Miniaturised heart pump undergoes international trials

19th August 2015

A man from Northern Ireland has become the first man in the world to receive a new heart pump which is half the size of traditional heart pumps.

Retired father-of-three Harry Chivers, 63, has been fitted with the Miniaturised Ventricular Assist Device (MVAD) at the Freeman Hospital in Newcastle.

Harry was in advanced heart failure and waiting for a heart transplant when he was given the opportunity to join trials for the device. Reports say he has made good progress since the £80,000 device was implanted in July.


The MVAD, produced by HeartWare International, also has sophisticated controls and settings that allow it to adapt better to patients’ lifestyles.

It weighs 78g and is around half the size of as previous devices. This may make it suitable for children with severe heart disease.

It is powered by a battery pack from a wire which passes out of the patient’s abdomen. The pack can be carried in a bag or around the waist.

The device is going through a lengthy trial process, with centres around the world fitting MVADs in dozens of patients.

A patient at the Medical University AKH in Vienna has also been fitted with the device.

The company said the MVAD is expected to result in improved blood flow through the body and allows doctors to customise it for each patient, providing four pulse settings designed to improve function of the aortic valve and reduce the risk of chronic bleeds.
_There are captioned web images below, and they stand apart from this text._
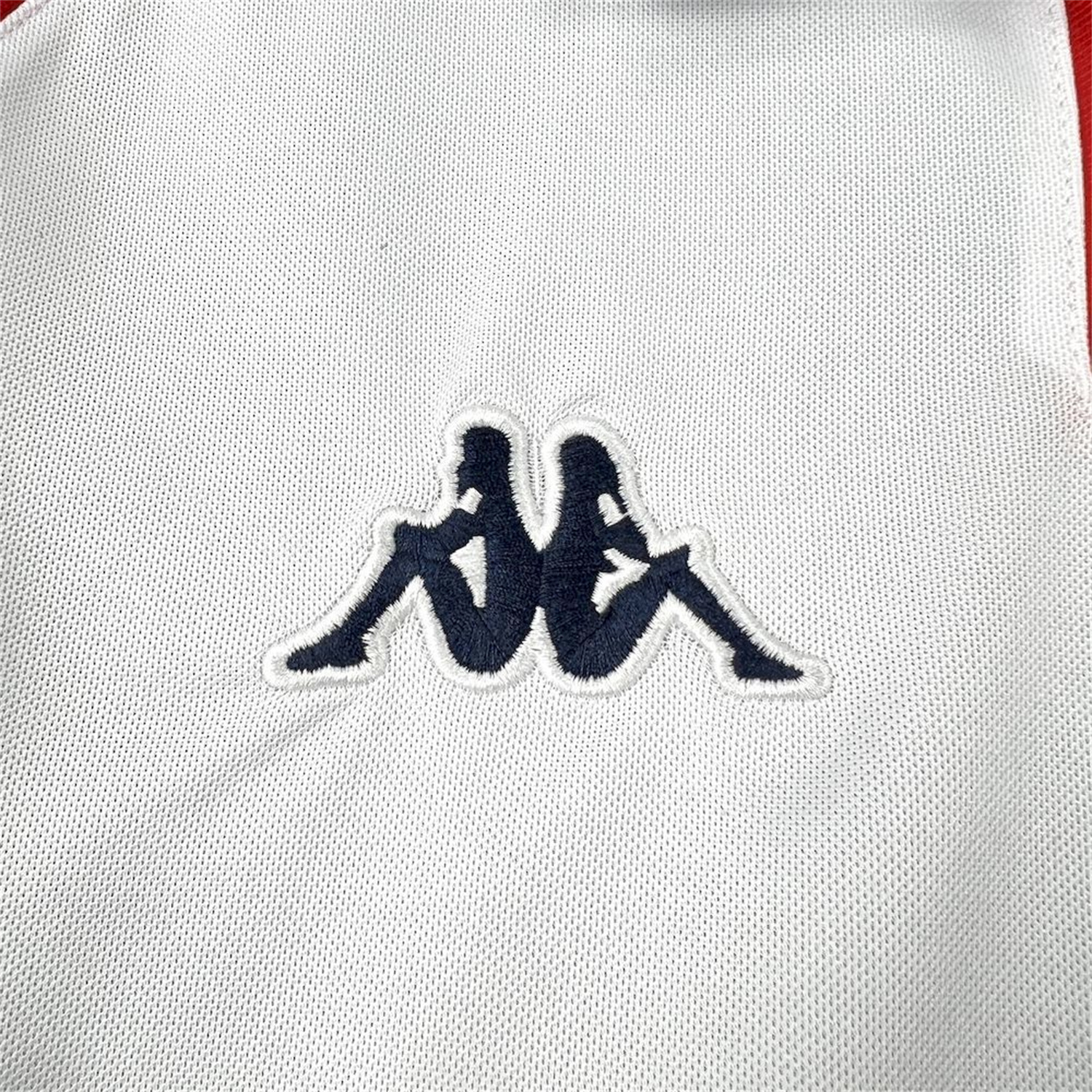 AlphaJersey-Retro Athletic Bilbao 1998-99 Champions League Third Jersey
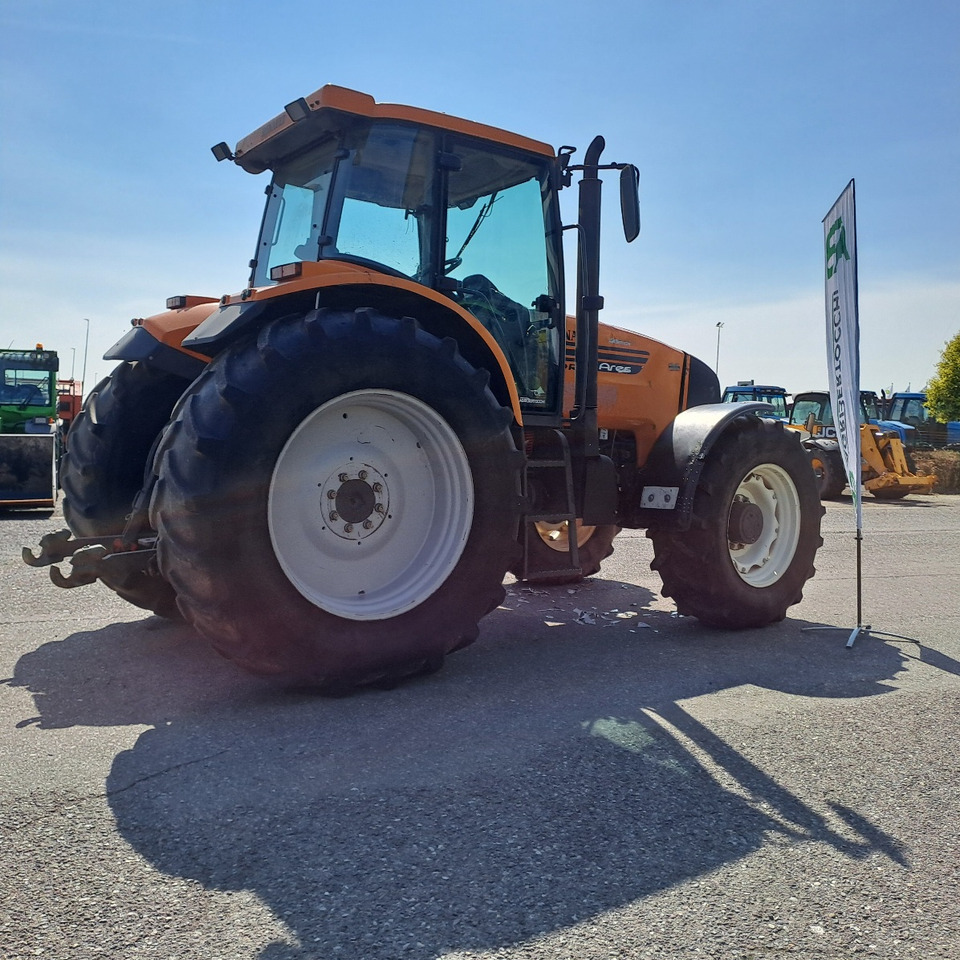 RENAULT ARES 720 RZ - جرار: صور 3 RENAULT ARES 720 RZ - جرار: صور 3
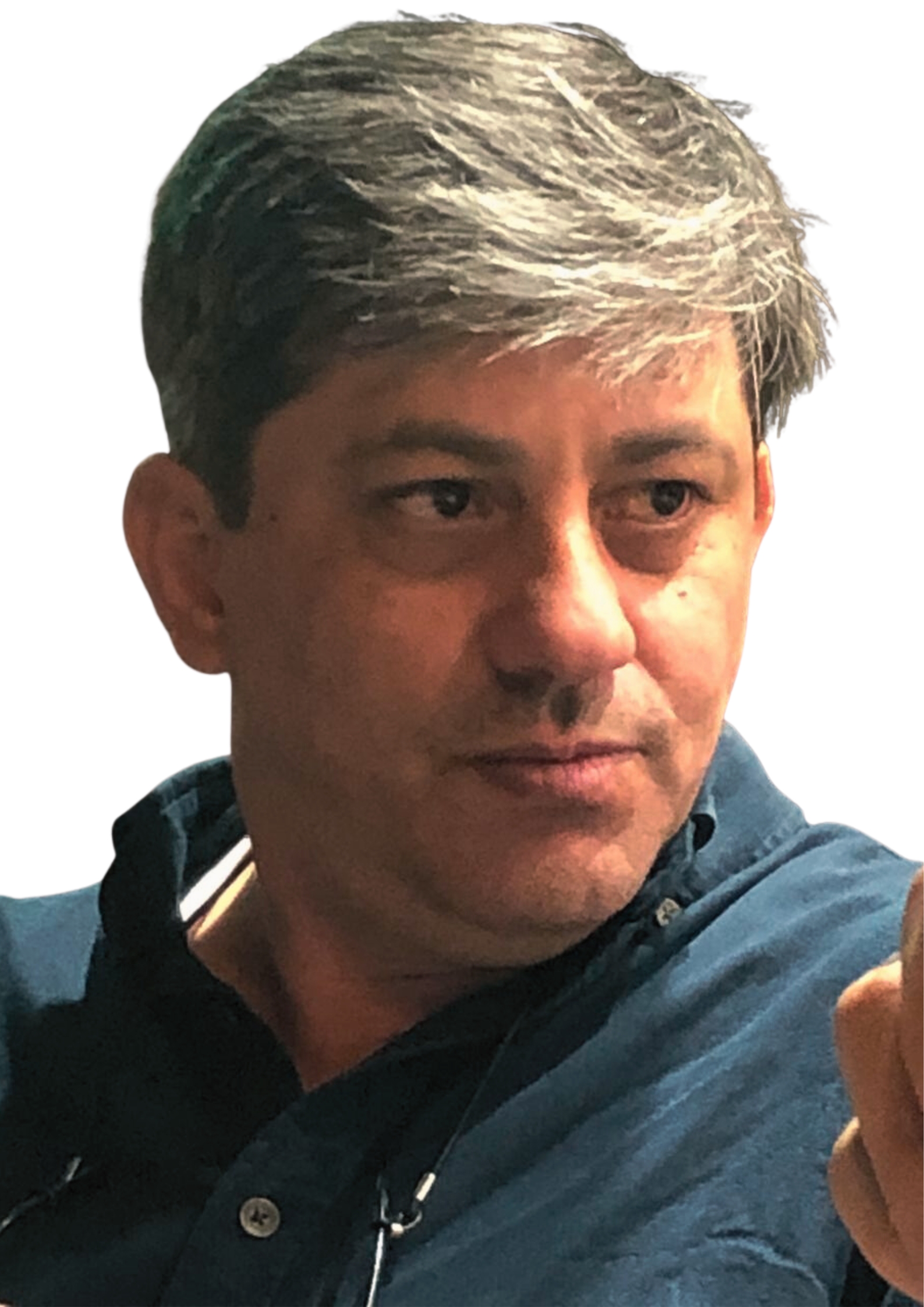 Basim Barghoth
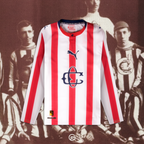 Chivas Guadalajara 120 Aniversario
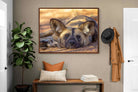 Pixalot ® Not So Wild Dog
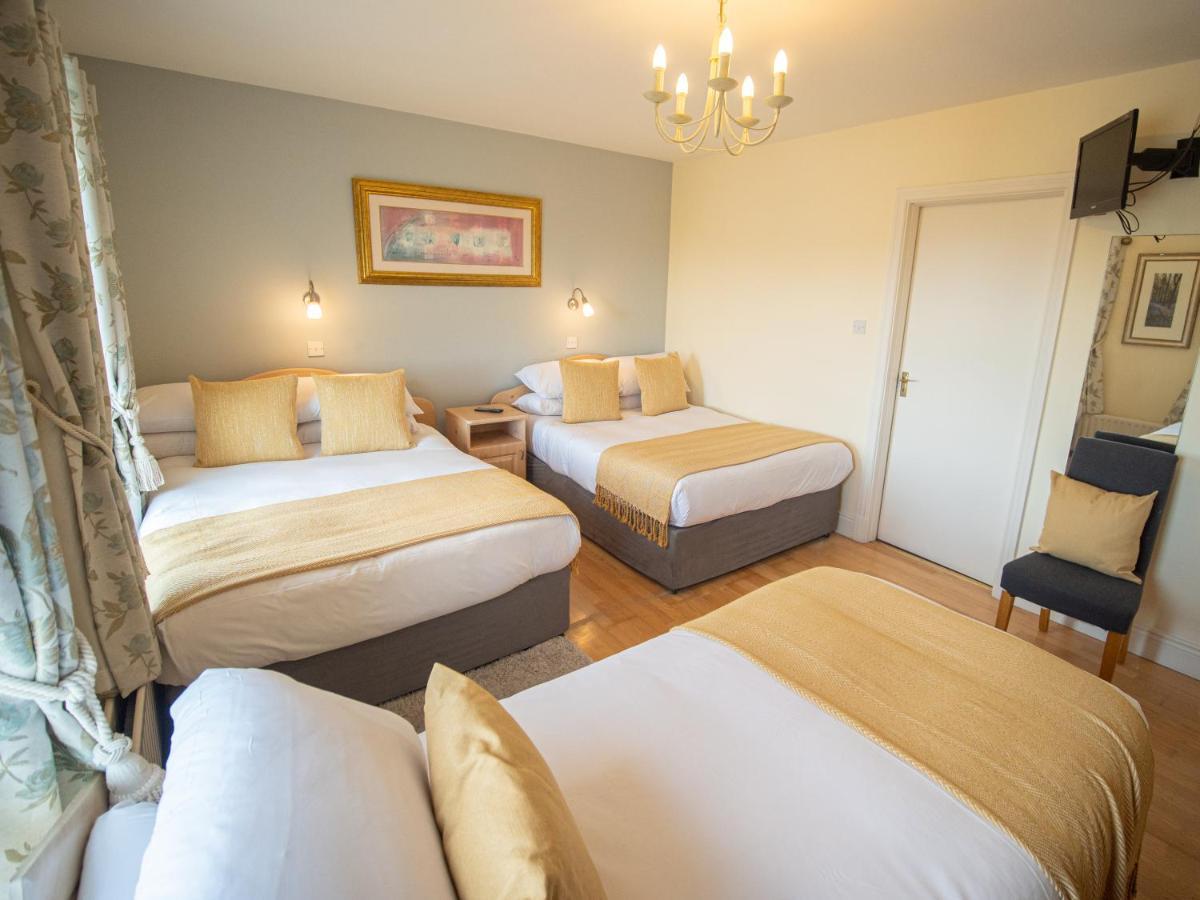 Ceol Na Mara Guest House Enniscrone Luaran gambar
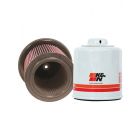 K&N 4WD Filter Service Kit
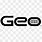 Geo Tracker Logo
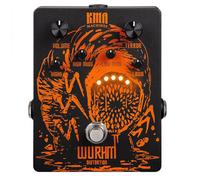KMA Machines Wurhm Distortion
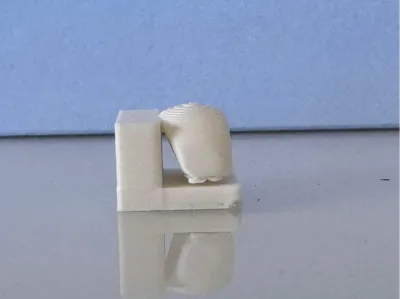 Mesh Clip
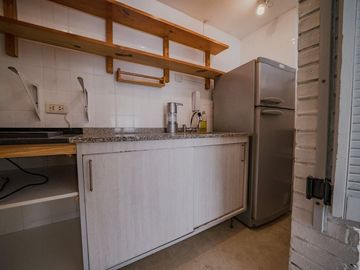 Oportunidad 2 ambs en corazòn de Recoleta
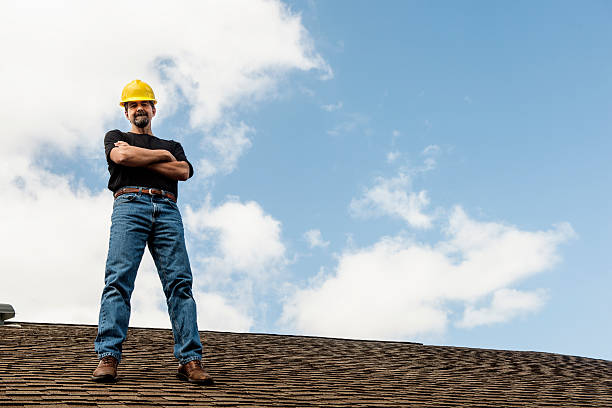 Slate Roofing Contractor in Pampa, TX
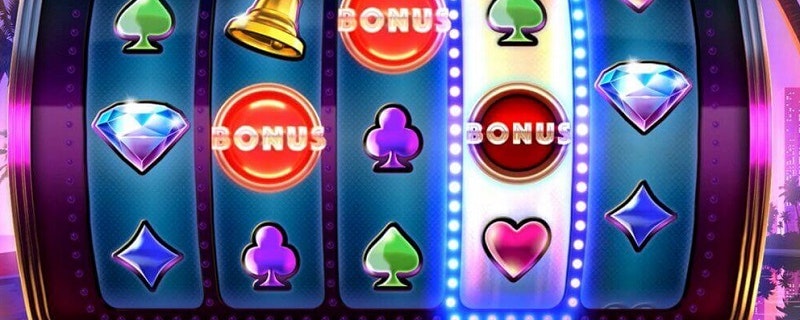 Prime Zone Slot from Quickspin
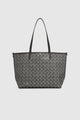 Anya Tote Bag - Black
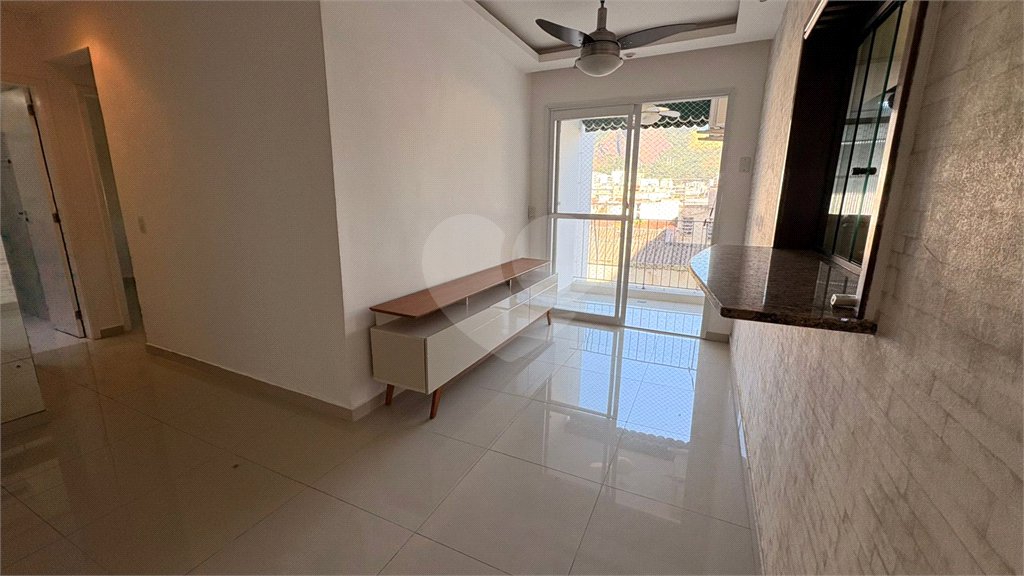 Apartamento à venda com 2 quartos em Vila Isabel, Rio de Janeiro, RJ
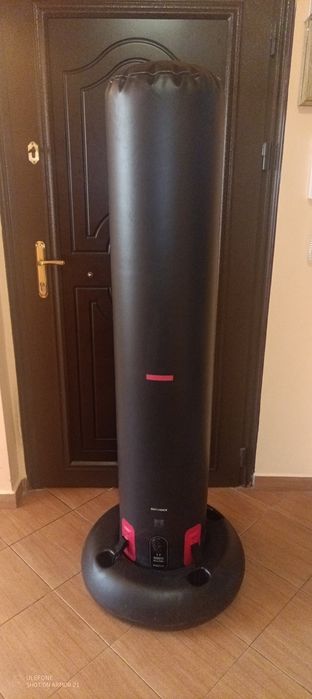 Боксов  тренажор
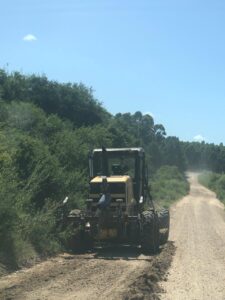 maquinas trabaja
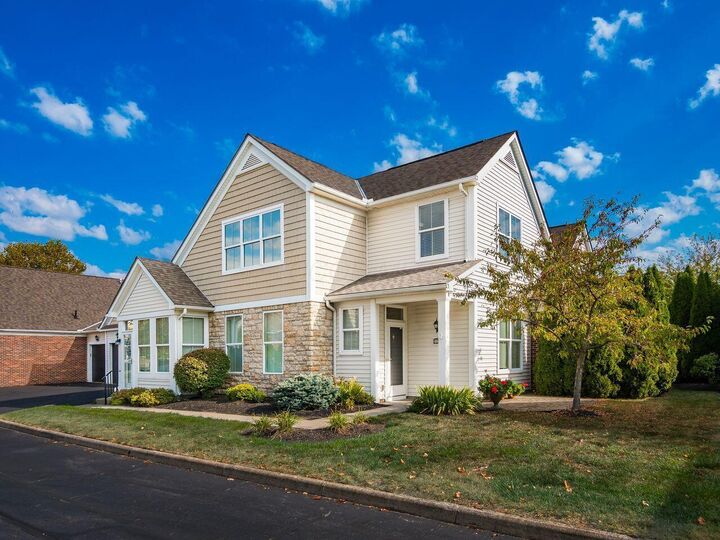 Property Photo:  4682 Prestige Lane  OH 43026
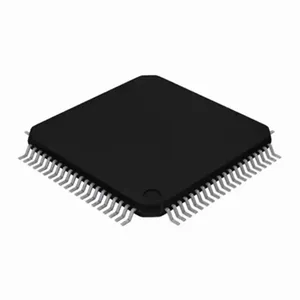 Interfaz analógica chip AD9883ABSTZ-140 AD9883ABSTZ-110 AD9883ABSTZ-RL110/140 de interfaz IC especializados 80LQFP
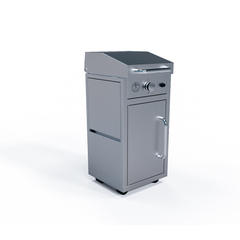 Le Griddle Portable Cart for 40 Series Griddles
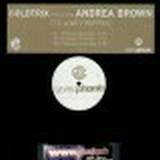 Goldtrix Pres. Andrea Brown - It's Love (trippin')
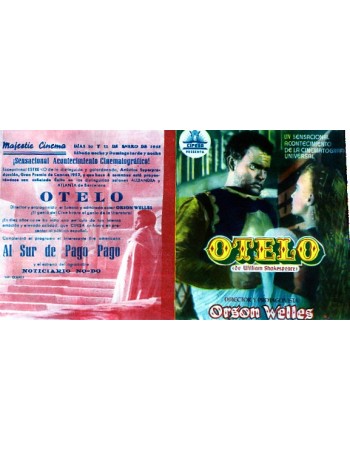 OTHELLO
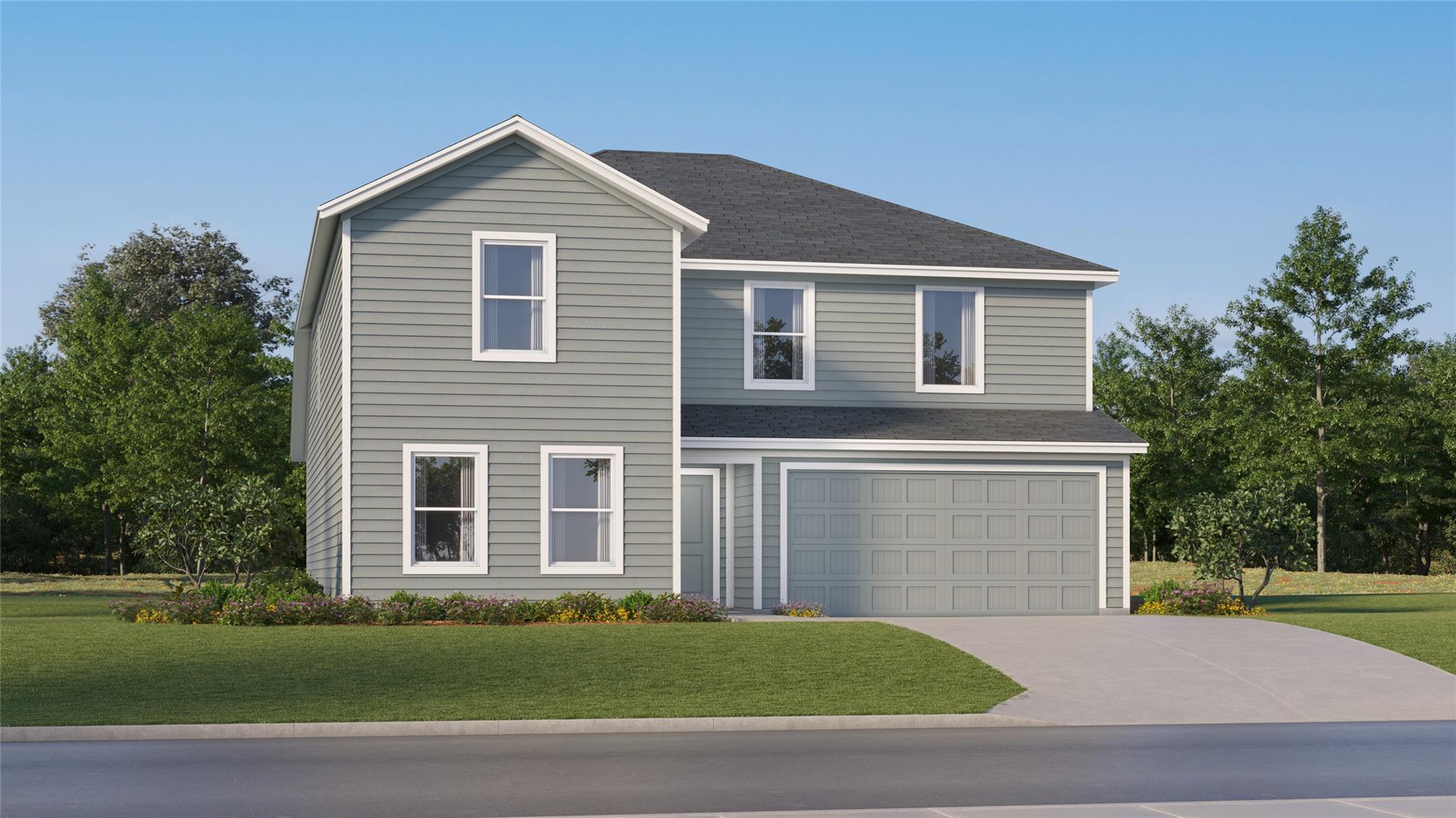 401 Stratus, Hutto, TX 78634 — photo 1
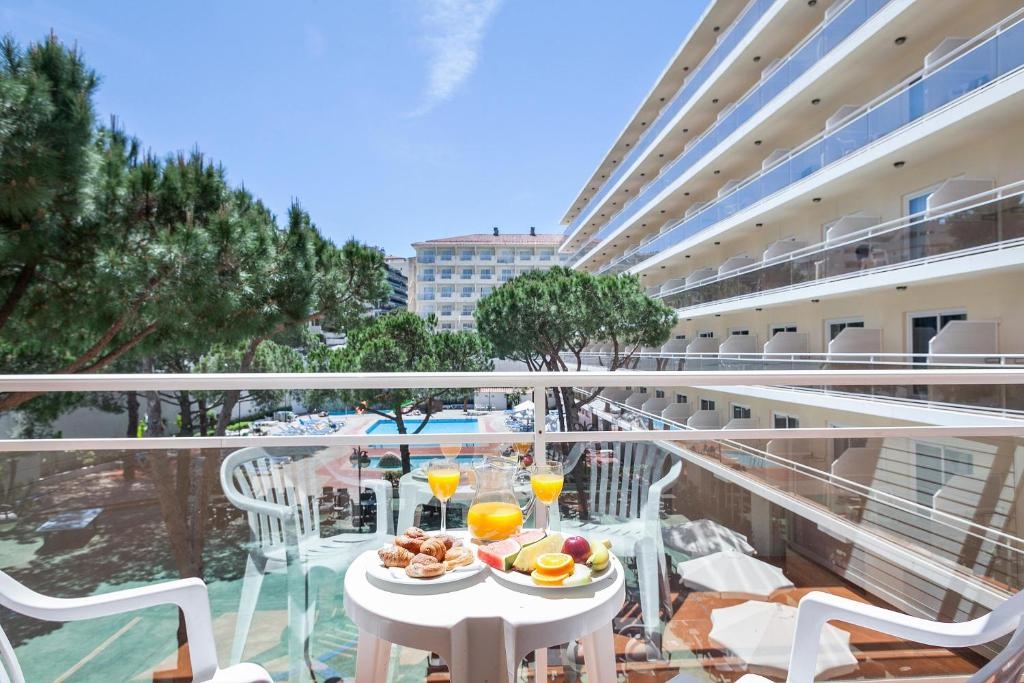 Hotel Best Oasis Park 4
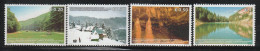 KOSOVO - N°54/7 ** (2006) Tourisme - Unused Stamps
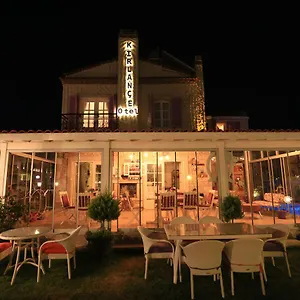 Kirlance Alaçatı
"With the successful completion of these first implants in Europe, we are taking the next significant step in our efforts to help patients worldwide who suffer from advanced heart failure," said HeartWare chief executive Doug Godshall.

He said that the pump was less than half the size of the company’s HVAD® Pump – currently the smallest commercialised full-support device – and was designed to be implanted through a less-invasive incision in the chest wall.  

"We believe that the benefits of this novel device have the potential to lead to better patient outcomes and an improved quality of life for patients," said Professor Stephan Schueler, from the Freeman Hospital and an investigator in HeartWare's MVAD System CE Mark clinical trial.  

The company says that reducing the invasiveness of the surgery will not only enable doctors to treat a greater proportion of patients with heart failure but may offer a more attractive option to patients at an earlier stage of the disease progression.

The trial is due to enroll 60 patients at 11 sites in the United Kingdom, Austria, Australia, France and Germany.

In the UK, heart pumps are only allowed on the NHS for patients awaiting heart transplant.